This blog post is inspired, almost entirely, by Tyler Buffington’s excellent statistics reading group presentation today at Datadog on the value of information in A/B testing. The ideas presented here are mainly his, I’ve just gone ahead and done a little more math. I’ve also relied a lot on AI to help me get through some of the math. I can’t remember all the tricks there are for manipulating expectations and bivariate normals, and so AI as been helpful here. In accordance with my AI page, all writing is in my own voice and I have used AI extensively to write simulation code.
Introduction
In this post, I discuss decision criteria for Bayesian A/B testing and a way to think about experiment run times for Bayesian A/B tests. I’ll also present some analytic results that can help us avoid doing simulations in practice at the cost of some mild assumptions.
First, I’ll discuss a little background on some straightforward ways to analyze A/B tests as a Bayesian and discuss a few options for ship/no-ship decision rules for A/B tests. Then, I’ll introduce a way to think about expected impact as a Bayesian, and finally share some analytic results.
Bayesian Approaches to A/B Testing
Most A/B tests target the lift in a metric, defined as
\[ \lambda = \dfrac{E[Y(1)]}{E[Y(0)]} - 1 \>. \]
We can obtain an estimate of the lift, \(\hat \lambda\), via the plug in principle and the associated standard error, \(s_\lambda\) via the delta method. Assuming \(\hat \lambda\) is drawn from a normal distribution (I’ve talked about this before here), and that \(s_\lambda\) is known exactly, we can use a conjugate normal-normal model to obtain the posterior distribution. Assuming the prior mean and variance is \(\mu\) and \(\tau^2\) respectively, the posterior variance and mean, \(V\) and \(M\), are
\[ V^{-1} = \dfrac{1}{s^2_\lambda} + \dfrac{1}{\tau^2} \>, \] \[ M = V \times \left(\dfrac{\hat \lambda}{s^2_\lambda} + \dfrac{\mu}{\tau^2}\right) \>. \]

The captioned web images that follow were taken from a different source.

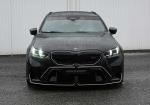 Manhart Just Turned the M5 Touring Into an 897-HP Wagon Monster - Photo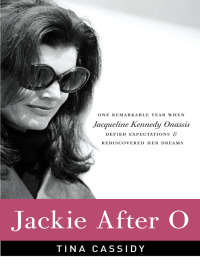 Imagen de portada: Jackie After O 9780061994340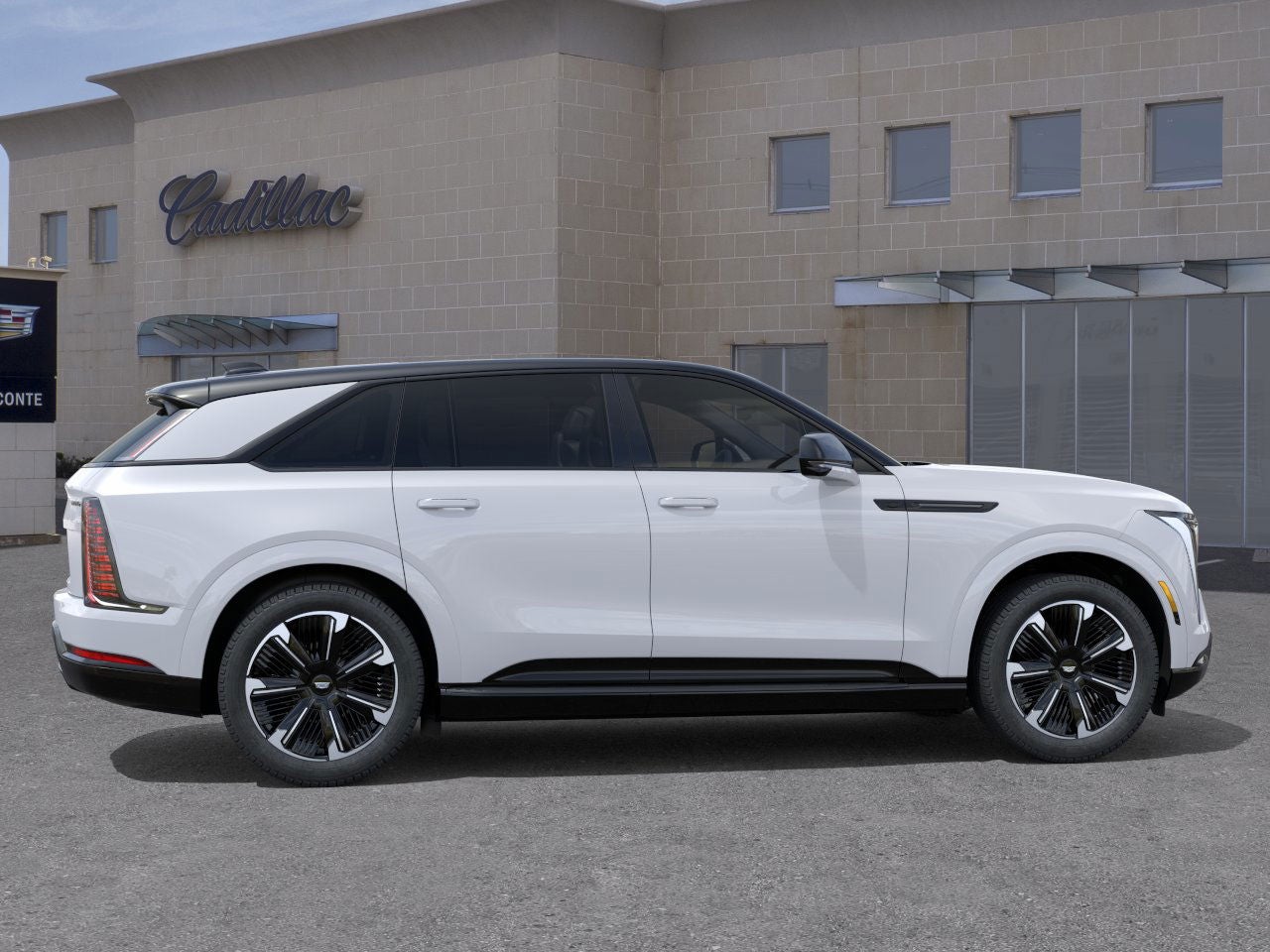 2025 Cadillac ESCALADE IQ Sport 2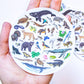 Florida Species Sticker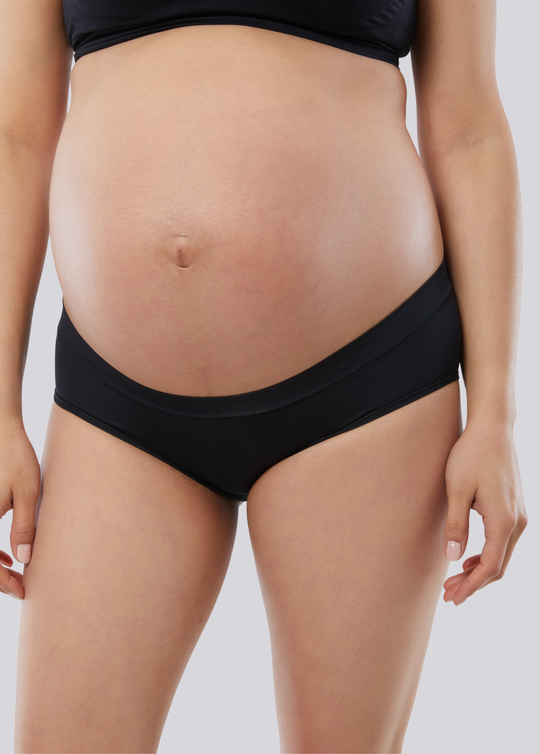 Basics Seamless Maternity Underwear 3-Pack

Whereas a Frequentist would make their ship/no-ship decision based on statistical significance, a Bayesian has a few options. Assuming increases to the metric are favorable, many of the decision rules are based on inequalities of the posterior mean. Here are just three I have seen in the wild:
- Ship if \(c \lt \Pr(\lambda \gt 0 \mid \hat \lambda)\), which is equivalent to \(\sqrt{V} \Phi^{-1}(c) \lt M\), where \(\Phi\) is the standard normal CDF. This is sometimes called “Probability to beat control”.
- Ship if \(z_{1-\alpha/2}\sqrt{V} \lt M\). This is like a Bayesian p-value being less than \(\alpha\).
- Ship if \(0 \lt M\). Ship whenever the posterior mean is positive.
Now, these are just a few ways to make decisions (they are certainly not exhaustive). Prior to Tyler’s talk, I didn’t really have a great way to answer how long an A/B test should take (save some ramblings about EVSI here) were you to use a Bayesian analysis method. However, with these details, I think I can now give an answer.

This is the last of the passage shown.